La Seine aux longs méandres, la Seine courbe et lente,  dénie les lignes droites.

D’un paresseux élan gagne l’extrémité de son virage, butant sur les terrains marécageux où s’édifièrent ses grandeurs, puis s’en retourne d’un effort, racle les quais de vaguelettes, écarte ses deux bras pour caresser les îles. Ses vrais navires.
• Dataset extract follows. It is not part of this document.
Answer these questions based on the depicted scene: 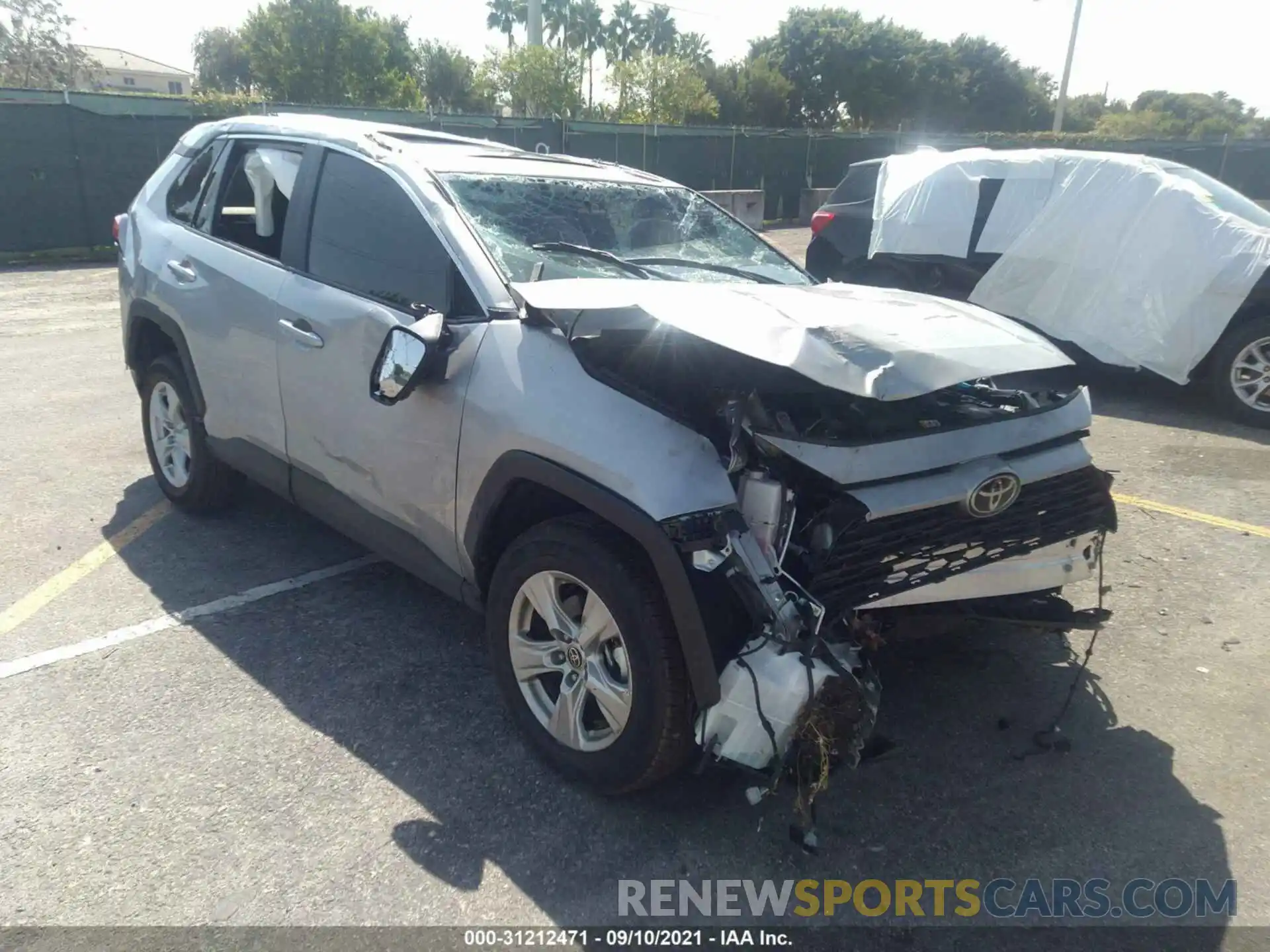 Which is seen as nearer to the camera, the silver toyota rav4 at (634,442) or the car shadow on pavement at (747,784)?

Tant de douleur cachée aux bords qu’elle frôle, tant de beauté, tant de douleur. Elle pourrait filer droit, connaître le bonheur de se griser de son désir, en ignorant l’image des bâtiments penchés sur son miroir fragile, toujours brisé, pour se comprendre. Et le malheur de ceux qui voient en elle leur destinée à l’image du ciel libre, inaccessible, d’un bleu parfait. Mais escortée d’un frisson gris de feuilles, longée d’arbres qui tremblent de leurs milliers d’oreilles, elle se ride à son tour, paraît trembler du désespoir de ceux qui guettent au-dedans d’elle les tourbillons d’agate comme des yeux, emporte l’eau froissée d’une voix triste à peine audible, un savoir morcelé – son abondance secrète.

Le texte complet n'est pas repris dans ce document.